How to find a key of a Map

jimka · February 28, 2020, 1:29pm

If I have a Map[A,Boolean] and A is type for which distinct values might be ==, is there a way for me to find the key (if any) which is equal to a given object of type A?

One application of this would be to normalize a collection so that all == objects become eq, and thus decrease memory consumption.

BalmungSan · February 28, 2020, 2:37pm

I do not understand the question. If two things are the same, then it can’t appear multiple times as the key of a map. And thus, you should only need to map.contains(x).

jimka · February 28, 2020, 3:27pm

Let me give an example.

Suppose I have a Map[(Int,Int),Boolean] such and at some point I add ((2,4) -> true) to it. Later on I create another tuple which happens to have the same components (2,4). If I ask whether (2,4) is in the map, the answer is yes.
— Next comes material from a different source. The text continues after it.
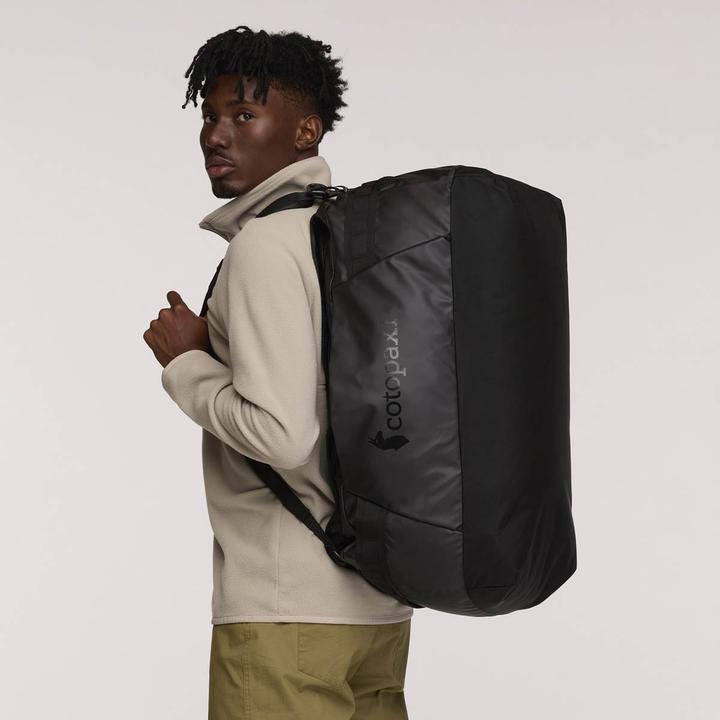 Produktbild Cotopaxi Allpa Getaway Duffel (70 l)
But its not the same (2,4) object, it’s just one which happens to contain 2 and 4. How can I ask the map to give me the original (2,4) object? I could of course iterate over all the keys, but that would be a linear complexity operation, rather than an amortised constant complexity operation.
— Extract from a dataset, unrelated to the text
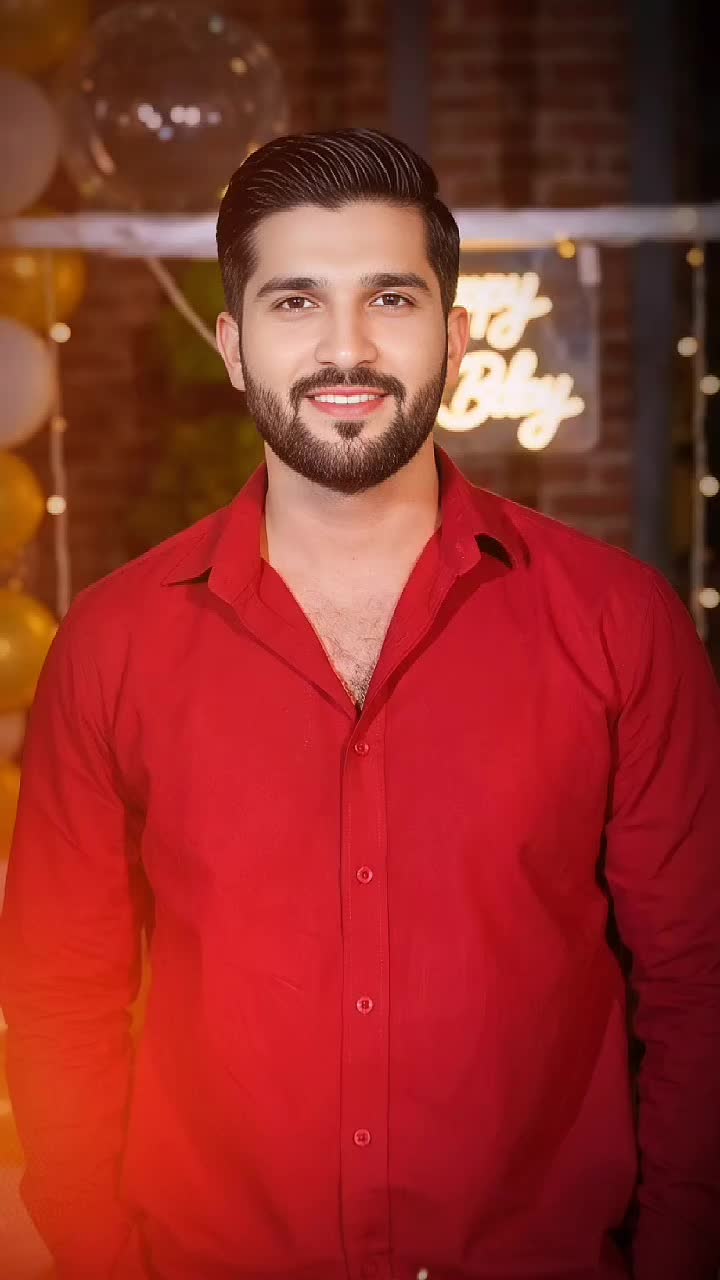 @Abdulrehman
A use case. Suppose I have a sequence of 100,000 tuples. I could normalise the 100,000 tuples, but building a Map, and then mapping over the sequence to build a new sequence where each tuple is replaced with the hash key which it is == to. This would decrease the memory allocation by 100,000 * (2 * 64), i.e., replacing 3 64 bit pointers by 1 such pointer, but repeated 100,000 times, thus saving 16Meg of memory.

BalmungSan · February 28, 2020, 3:41pm

Sorry, I still do not get the question.

If you already have an object which is equivalent to the one inside the map, why do you the original one? Unless it is mutable and carries some internal state?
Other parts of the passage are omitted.